In general, RDBMSes with a native SQL interface provide the best performance under the real-time interactive workload. While read performance of selected systems are comparable and within a factor of four, Postgres (SQL) and Virtuoso (SQL) exhibit significantly better update performance and maintain up to an order of magnitude faster write throughput compared to their competitors.

Note also the frequent sudden drops in Neo4j’s (Cypher) update performance – attributed to checkpointing.

Takeaways

  • Maybe stay away from Gremlin for now. It’s a very worthy goal, but the performance just doesn’t seem to be there to justify it at the moment.

A more concerning problem relates to the performance of the Gremlin Server… it was unable to handle complex queries under a large number of concurrent clients… causing it to hang and eventually crash. Overall our experience reveals the generally poor state of implementations and suggests that TinkerPop3 and specifically the Gremlin Server are not production ready.

  • If you don’t have lots of complex graph operations, RDBMSs can provide competitive performance under a concurrent transactional workload:

We believe that robust RDBMS technology can deliver competitive performance for OLTP-like online social networking applications, especially in single-node settings… RDBMSes should not be ignored for interactive transactional graph workloads.

Discussion

Does this mean you shouldn’t use a graph database? I don’t think you can draw that conclusion from this study. On the one hand, the benchmarks used seem to bias the workload towards things which traditional relational databases are very good at, so it’s no suprise they do well. But on the other hand the workload was chosen as representative of an OLTP-like graph workload as selected by an independent benchmarking council. We can conclude that if you have an OLTP-like graph workload it’s well worth checking out the relational alternative before you take the plunge.

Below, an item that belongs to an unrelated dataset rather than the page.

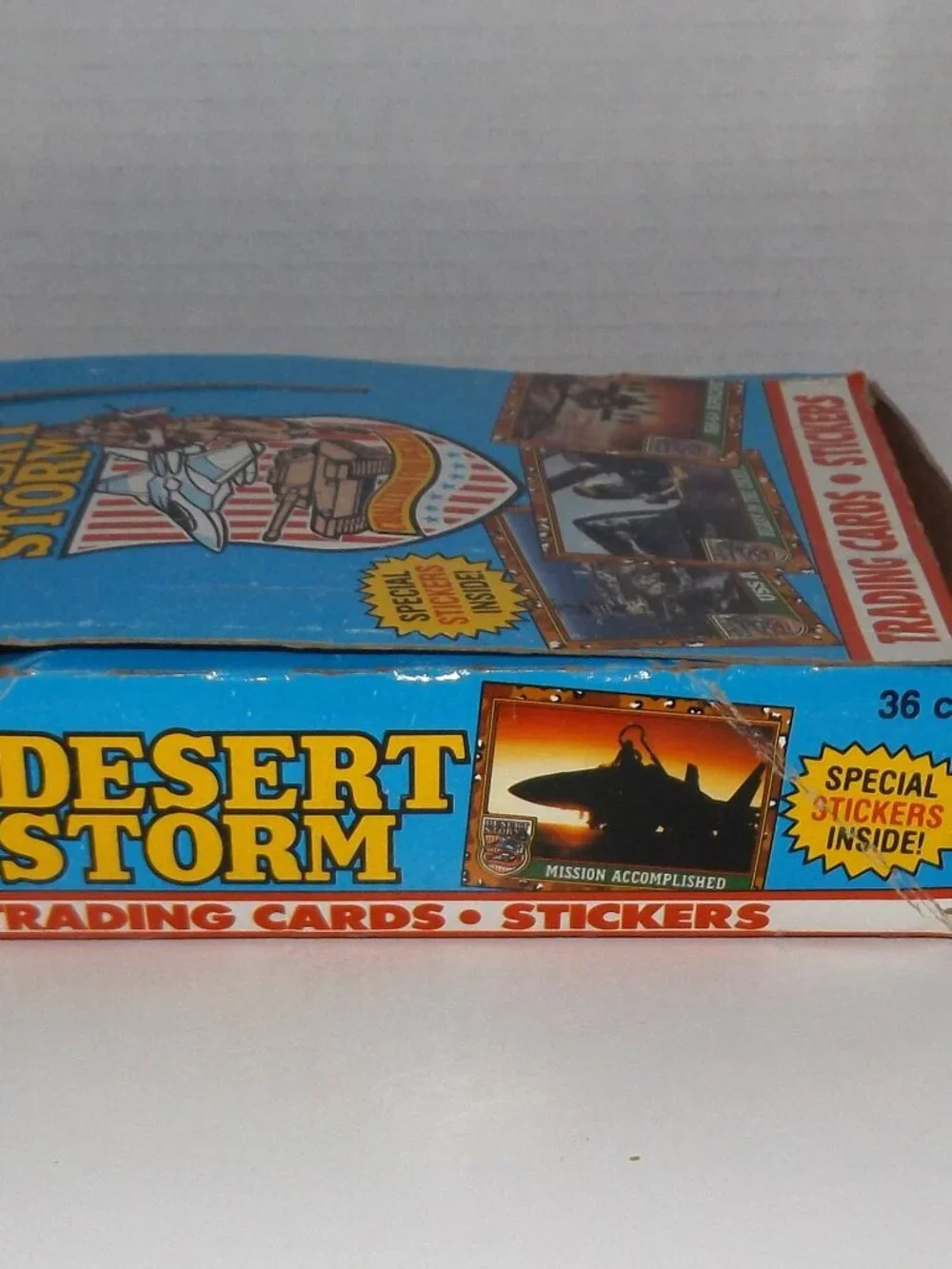 1991 Desert Storm Series 1 Mixed Trading Cards & Stickers Lot w/Org. Box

You may recall we previously looked at Ground, which captures lineage, model, and version metadata graphs for data. This is a problem most naturally modelled in a graph store (indeed, one of the companies I work with, Atomist, use a graph database for a very similar use case). In the Ground paper we also find some hints about the best kind of store for this workload – they found that relational systems (Postgres) were an order of magnitude slower than graph processing systems for their workload. They also found that even the leading graph databases were lacking in terms of performance at scale.

This theme was also echoed in the ‘Dependency-driven analytics‘ paper: “… this experience indicates that industry is in desperate need for a fully capable, scale-out graph solution that can handle complex, large, and structured graphs…“.